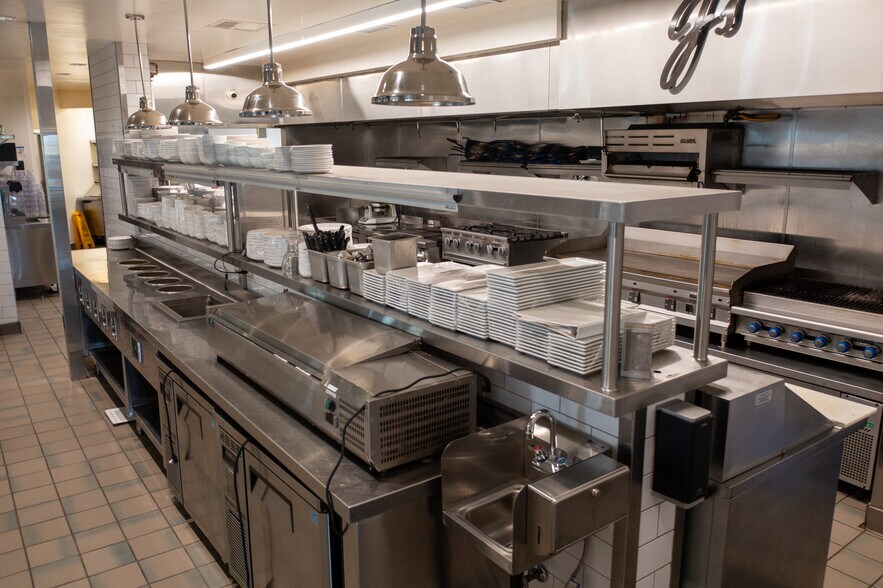 More Photos Of 74225 Highway 111, Palm Desert Restaurant For Lease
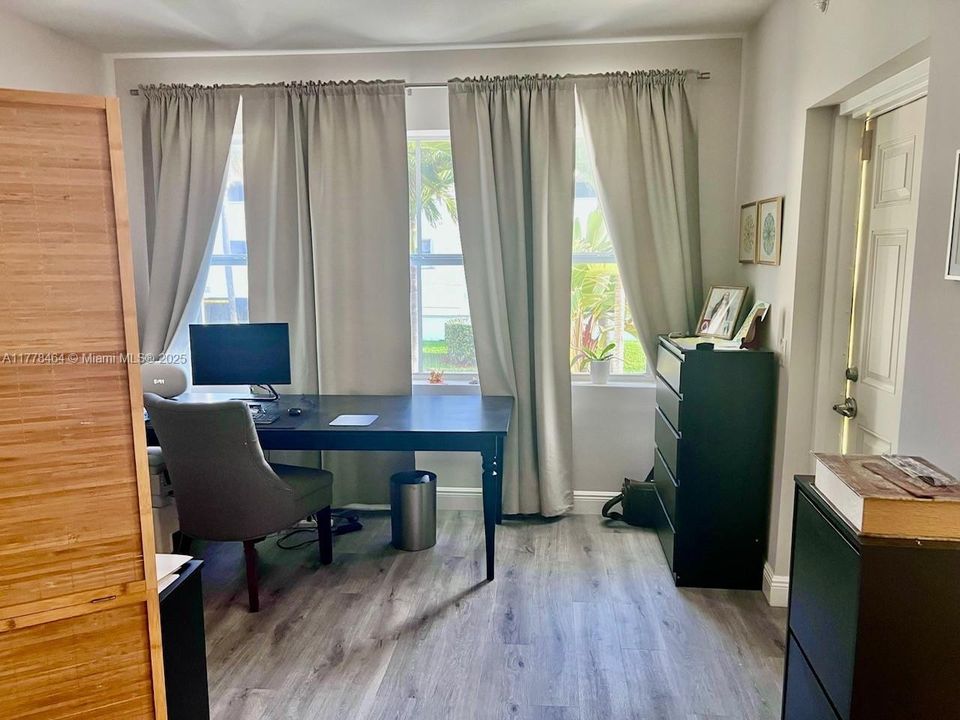 Active With Contract: $7,300 (3 beds, 3 baths, 2327 Square Feet)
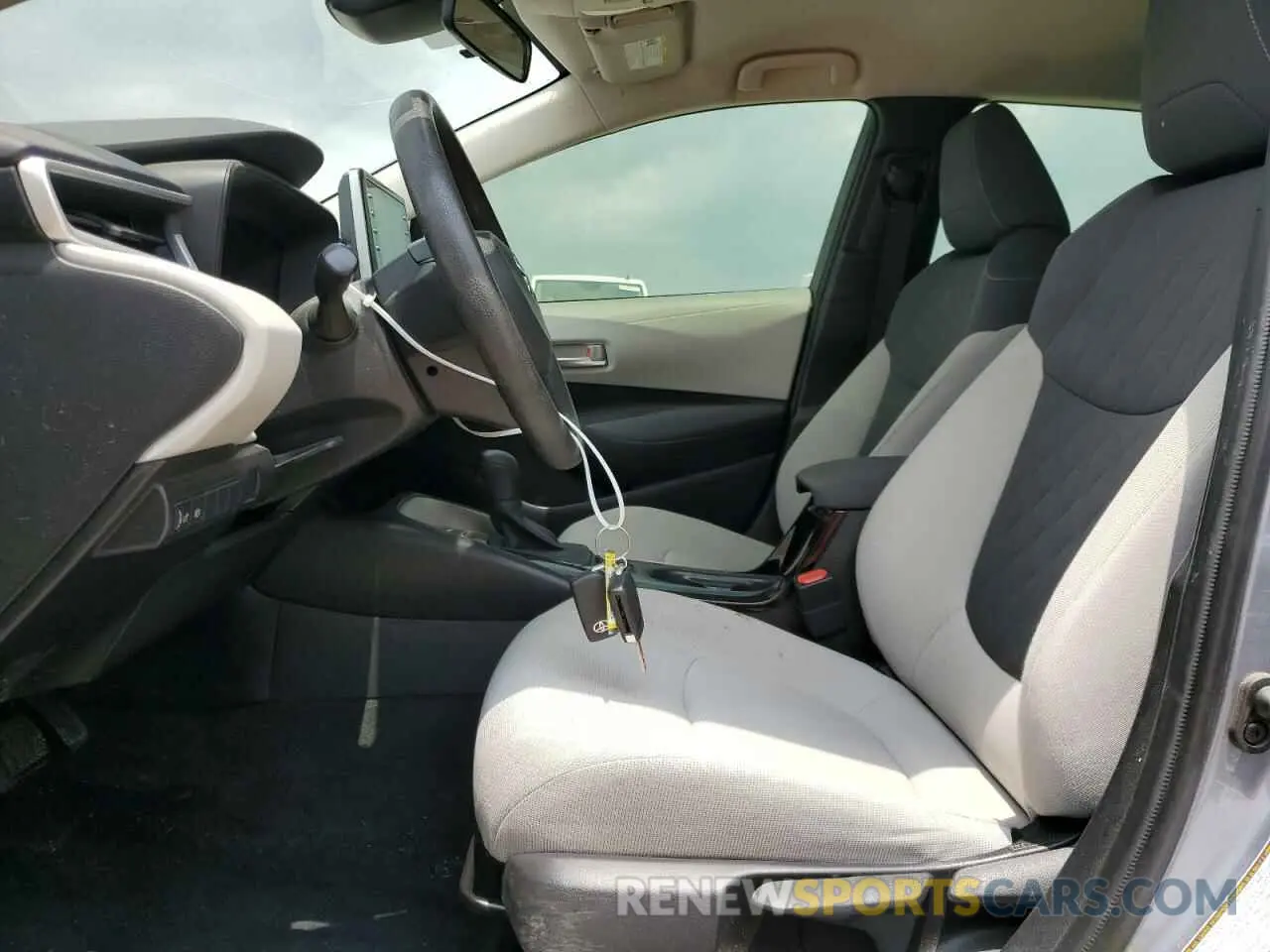 7 Photograph of a damaged car JTDEPRAE0LJ115843 TOYOTA COROLLA 2020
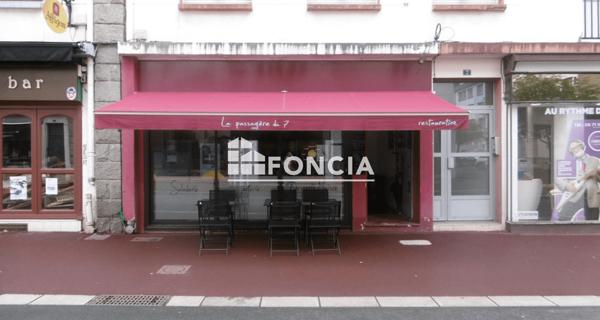 Location Local commercial 1 pièce 43 m² - Lorient 56100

**What you will do**
Copy the data word for word. Pictures do not go in the copy.

**Reply to the exercise**
 More Photos Of 74225 Highway 111, Palm Desert Restaurant For Lease
 Active With Contract: $7,300 (3 beds, 3 baths, 2327 Square Feet)
 7 Photograph of a damaged car JTDEPRAE0LJ115843 TOYOTA COROLLA 2020
 Location Local commercial 1 pièce 43 m² - Lorient 56100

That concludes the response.